Cut Chilli Play: Adoption Community Events and Feedback

On July 13 and 20, ICAV hosted two community events in Sydney, Australia, thanks to funding from the Australian Federal Government, ICAFSS Small Grants program provided by Relationships Australia’s Intercountry Adoptee and Family Support Service (ICAFSS). These events were organised in collaboration with New Ghosts Theatre Company and the playwright, Chenturan Aran.

ICAV had worked with Chenturan for the past year to provide lived experience into the script. Huge thanks to the Sri Lankan adoptees, adoptive parents of Sri Lankan adoptees, and Sri Lankan adoptee academic who generously gave their time and experiences to Chenturan. I also spent time with the cast helping them to understand the complex realities of living as an intercountry adoptee in Australia.

Cut Chilli is a play about a Sri Lankan male intercountry adoptee, raised in Australia by white Australian parents. Many who attended the events wanted to better understand how a play could be so accurate to our complexities without the playwright being an intercountry adoptee. So I asked Chenturan if he’d share why he decided to write Cut Chilli. Here’s what he wrote:

I’m not an intercountry adoptee.
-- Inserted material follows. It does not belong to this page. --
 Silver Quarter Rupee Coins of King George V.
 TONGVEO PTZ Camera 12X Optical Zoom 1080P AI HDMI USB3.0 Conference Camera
I’m the child of Sri Lankan Tamil migrants who fled the Sri Lankan Civil War following the Black July Riots in 1983. I was raised in Perth, Western Australia.

I started writing Cut Chilli because I thought telling the story of a brown boy in a white family would be a great metaphor for my experiences as brown boy in a predominantly white country. Through this work, I felt I could explore the assimilation pressures and internalised racism I experienced growing up as the child of migrants.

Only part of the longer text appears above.